Working data

■ ■ ■ ■

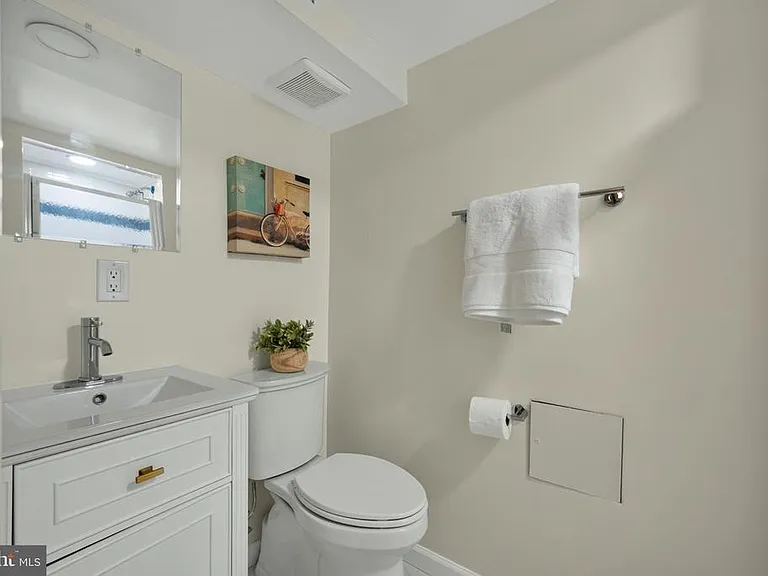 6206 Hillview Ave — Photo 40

■ ■ ■ ■

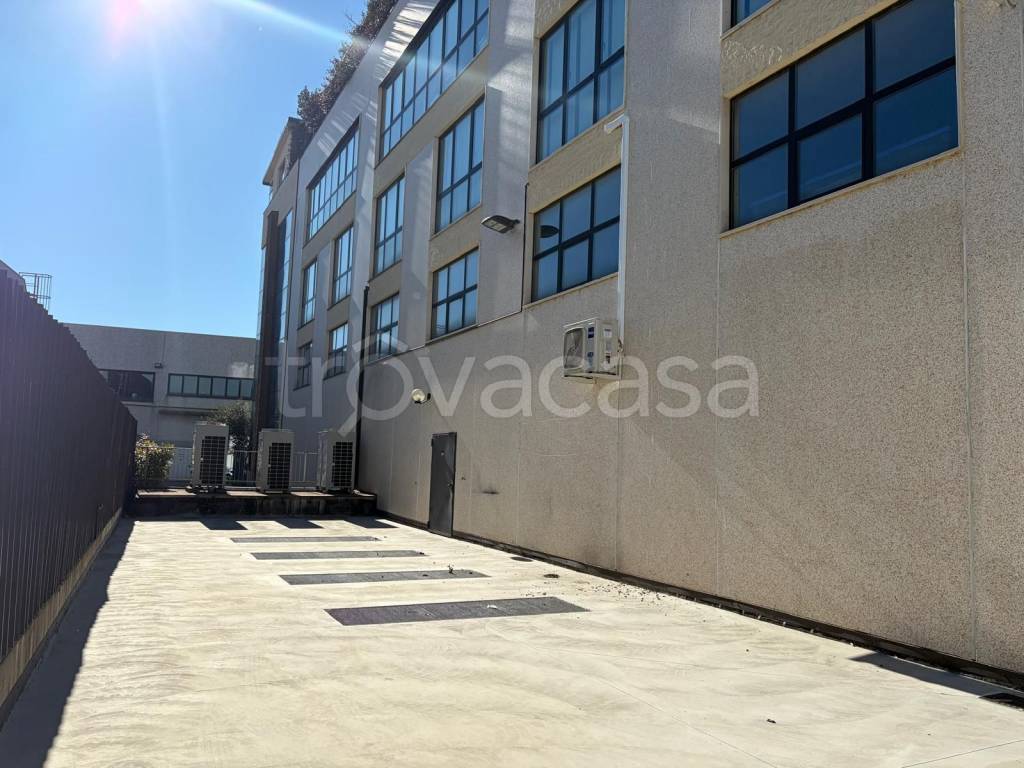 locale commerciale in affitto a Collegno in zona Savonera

■ ■ ■ ■

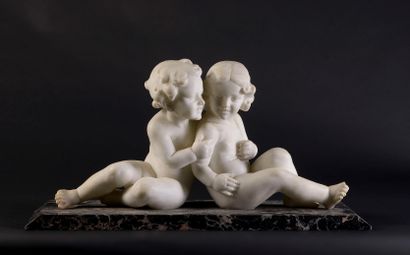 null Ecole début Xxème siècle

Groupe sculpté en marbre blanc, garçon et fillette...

■ ■ ■ ■

Repeat exactly the lines above, beginning at the one containing "null Ecole début Xxème siècle" and ending at the one containing "Groupe sculpté en". Do not carry over any pictures.

Task answer
 null Ecole début Xxème siècle

Groupe sculpté en marbre blanc, garçon et fillette...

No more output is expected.